Tales of Dark Fantasy & Horror Noir

by Hank Schwaeble

Pub Date: Oct. 11th, 2022
ISBN: 978-1953134455
Publisher: Esker & Riddle Press

A collection offers chilling stories by a Bram Stoker Award–winning horror author.

The 10 tales in Schwaeble’s evocative volume draw from the sinister nature of situations and how that darkness influences the characters closest to them. In his introduction, the author writes of his interest in the “slow-burn kind of fright, the kind that is often scary in retrospect more than in the reading,” and this is evident right from the opening yarn, “The Yearning Jade.” This Chicago-set noir stars private detective Milo Chance, who is hired by a shadowy woman to find a highly coveted, mystical, but gravely cursed artifact. The author masterfully combines the supernatural with the psychological in “Household,” a haunted house tale narrated from a distinctly unique perspective, as the property itself details the melodrama of the residents living inside it and its manipulative puppeteering role.
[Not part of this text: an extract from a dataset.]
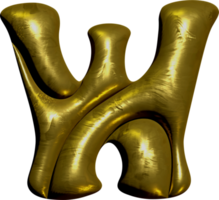 Shiny gold balloon metallic letter W capital. png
The disturbingly dystopian yet intellectually titillating “Everything not Forbidden” contains creative, futuristic worldbuilding. The tale paints a horrific backdrop where an artificial intelligence company’s version of “supreme consciousness” is being developed to perfect humankind. Two of the most effective stories are quite short: “Shifty Devil Blues” is a take on the Faustian bargain complete with a dirty demon and a clever customer who hopes to outsmart him; “Payday” involves two young boys, a gigantic plant, and a slimy creature in a forest that becomes the perfect vehicle for repeated revenge. The impressive titular novella is the collection’s lengthiest tale, offering a supernatural mystery set at the dawn of the space age. The story features a hard-boiled private eye, a murder, and a cameo by Carl Sagan, boasting about a (fact-based) project to detonate a bomb on the moon. This versatile volume encompasses a wide swath of time periods, atmospheres, and settings while remaining true to the suspense/horror form. One entry, “Deepest, Darkest,” introduces readers to Jake Hatcher, the special military operative and combat veteran who headlines Schwaeble’s long-running noir/supernatural thriller series. This twisty action-adventure story is set in Africa, much like the cinematic closing tale, “Zafari,” in which a community of hungry zombies is the target of a rowdy troupe of heavily armed hunters. Strong writing, imaginative themes, and a gifted, gloomy sense of what frightens readers most permeates this assortment of dark fantasy, noir mystery, SF, horror, and suspense stories.

A devilishly tempting, contemplative volume of haunting tales.